$G$ is a tree $\iff G$ contains no cycles, but if you add one edge you create exactly one cycle
Could anyone please be so kind to check my proof? That would be very much appreciated. Thank you in advance.
My proof:
'$\rightarrow$' Assume $G$ is a tree. Then by definition it is connected. Furthermore, there is a unique $u, v$-path for every $u,v \text{ in } G$. For arbitrary $u$ and $v$, let this path be $u=u_1\rightarrow u_2\rightarrow \dots \rightarrow u_k=v$. Assume $\nexists$ an edge $e=\{u_i,u_j\}$ for some vertices $u_i, u_j \text{ } (j>i)$ in this path. Now add this edge $e=\{u_i,u_j\}$. Then we can follow the original $u,v$-path until we arrive at $u_j$ and then return to $u_i$ via $e$. Hence this is a cycle.

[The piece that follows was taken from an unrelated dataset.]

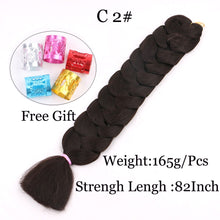 Load image into Gallery viewer, 41 inch Synthetic Braiding Hair 165g Crochet Jumbo Braids Hair Extensions 3pcs/lot Pure Color Orange Red  Yellow Purple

'$\leftarrow$' Assume $G$ contains no cycles but if you add one edge you create exactly one cycle. To prove that $G$ is a tree we only need to prove connectedness, since it is already given that $G$ contains no cycles. Reason by contradiction. Assume that $G$ is not connected. Then $\exists u \exists v \text{ }(u\neq v)$ in $G$ s.t. $\nexists$ an edge $\{u,v\}$. Add this edge. This will not create a cycle. But this contradicts our original assumption. Hence $G$ must be connected, and thus $G$ is a tree.
Best Answer
To prove "exactly one" in the $\rightarrow$ direction, suppose the addition of $(u,v)$ created (at least) two cycles. Both must include $(u,v)$ else they were cycles before. However, we now can go from $u$ to $v$ along two different paths in the tree, a contradiction.
In the $\leftarrow$ direction, if $G$ is not connected, choose $u,v$ from different components. Then adding $(u,v)$ cannot create a cycle.